Work to complete
Restating the data exactly is the whole task.

Data for this task
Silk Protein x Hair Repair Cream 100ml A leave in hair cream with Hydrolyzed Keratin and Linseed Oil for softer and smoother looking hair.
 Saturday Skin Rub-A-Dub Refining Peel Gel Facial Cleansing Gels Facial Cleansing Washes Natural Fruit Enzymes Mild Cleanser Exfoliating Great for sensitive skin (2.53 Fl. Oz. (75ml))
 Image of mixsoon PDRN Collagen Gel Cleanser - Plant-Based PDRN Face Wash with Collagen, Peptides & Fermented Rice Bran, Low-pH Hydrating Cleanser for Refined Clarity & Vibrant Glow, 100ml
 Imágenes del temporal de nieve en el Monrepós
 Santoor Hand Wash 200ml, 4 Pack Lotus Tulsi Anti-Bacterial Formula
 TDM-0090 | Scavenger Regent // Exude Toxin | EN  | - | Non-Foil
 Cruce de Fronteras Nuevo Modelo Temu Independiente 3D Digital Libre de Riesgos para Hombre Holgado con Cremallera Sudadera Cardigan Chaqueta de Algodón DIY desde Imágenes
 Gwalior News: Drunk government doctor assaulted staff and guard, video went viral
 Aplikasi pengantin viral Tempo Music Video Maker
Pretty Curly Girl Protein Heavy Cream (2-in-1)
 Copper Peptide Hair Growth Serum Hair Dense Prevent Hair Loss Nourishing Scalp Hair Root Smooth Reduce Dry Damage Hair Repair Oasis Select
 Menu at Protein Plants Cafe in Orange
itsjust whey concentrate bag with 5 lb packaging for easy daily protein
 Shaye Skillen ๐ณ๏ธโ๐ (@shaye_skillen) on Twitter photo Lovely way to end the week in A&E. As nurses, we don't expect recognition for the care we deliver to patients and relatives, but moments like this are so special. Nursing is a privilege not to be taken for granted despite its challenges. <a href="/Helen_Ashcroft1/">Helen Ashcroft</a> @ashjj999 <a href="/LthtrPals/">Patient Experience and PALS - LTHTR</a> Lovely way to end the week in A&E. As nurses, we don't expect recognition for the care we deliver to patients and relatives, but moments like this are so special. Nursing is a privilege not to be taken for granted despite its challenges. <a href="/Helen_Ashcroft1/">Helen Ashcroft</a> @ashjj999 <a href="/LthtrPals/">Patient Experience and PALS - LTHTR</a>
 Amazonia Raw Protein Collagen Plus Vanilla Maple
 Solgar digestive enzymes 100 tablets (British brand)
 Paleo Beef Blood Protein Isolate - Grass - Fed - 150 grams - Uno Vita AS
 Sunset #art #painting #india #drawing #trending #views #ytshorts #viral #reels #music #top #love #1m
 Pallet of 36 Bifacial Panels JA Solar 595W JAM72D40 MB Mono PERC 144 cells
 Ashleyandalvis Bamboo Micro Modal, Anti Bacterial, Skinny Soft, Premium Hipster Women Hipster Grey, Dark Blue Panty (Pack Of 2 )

Final answer
Silk Protein x Hair Repair Cream 100ml A leave in hair cream with Hydrolyzed Keratin and Linseed Oil for softer and smoother looking hair.
 Saturday Skin Rub-A-Dub Refining Peel Gel Facial Cleansing Gels Facial Cleansing Washes Natural Fruit Enzymes Mild Cleanser Exfoliating Great for sensitive skin (2.53 Fl. Oz. (75ml))
 Image of mixsoon PDRN Collagen Gel Cleanser - Plant-Based PDRN Face Wash with Collagen, Peptides & Fermented Rice Bran, Low-pH Hydrating Cleanser for Refined Clarity & Vibrant Glow, 100ml
 Imágenes del temporal de nieve en el Monrepós
 Santoor Hand Wash 200ml, 4 Pack Lotus Tulsi Anti-Bacterial Formula
 TDM-0090 | Scavenger Regent // Exude Toxin | EN  | - | Non-Foil
 Cruce de Fronteras Nuevo Modelo Temu Independiente 3D Digital Libre de Riesgos para Hombre Holgado con Cremallera Sudadera Cardigan Chaqueta de Algodón DIY desde Imágenes
 Gwalior News: Drunk government doctor assaulted staff and guard, video went viral
 Aplikasi pengantin viral Tempo Music Video Maker
Pretty Curly Girl Protein Heavy Cream (2-in-1)
 Copper Peptide Hair Growth Serum Hair Dense Prevent Hair Loss Nourishing Scalp Hair Root Smooth Reduce Dry Damage Hair Repair Oasis Select
 Menu at Protein Plants Cafe in Orange
itsjust whey concentrate bag with 5 lb packaging for easy daily protein
 Shaye Skillen ๐ณ๏ธโ๐ (@shaye_skillen) on Twitter photo Lovely way to end the week in A&E. As nurses, we don't expect recognition for the care we deliver to patients and relatives, but moments like this are so special. Nursing is a privilege not to be taken for granted despite its challenges. <a href="/Helen_Ashcroft1/">Helen Ashcroft</a> @ashjj999 <a href="/LthtrPals/">Patient Experience and PALS - LTHTR</a> Lovely way to end the week in A&E. As nurses, we don't expect recognition for the care we deliver to patients and relatives, but moments like this are so special. Nursing is a privilege not to be taken for granted despite its challenges. <a href="/Helen_Ashcroft1/">Helen Ashcroft</a> @ashjj999 <a href="/LthtrPals/">Patient Experience and PALS - LTHTR</a>
 Amazonia Raw Protein Collagen Plus Vanilla Maple
 Solgar digestive enzymes 100 tablets (British brand)
 Paleo Beef Blood Protein Isolate - Grass - Fed - 150 grams - Uno Vita AS
 Sunset #art #painting #india #drawing #trending #views #ytshorts #viral #reels #music #top #love #1m
 Pallet of 36 Bifacial Panels JA Solar 595W JAM72D40 MB Mono PERC 144 cells
 Ashleyandalvis Bamboo Micro Modal, Anti Bacterial, Skinny Soft, Premium Hipster Women Hipster Grey, Dark Blue Panty (Pack Of 2 )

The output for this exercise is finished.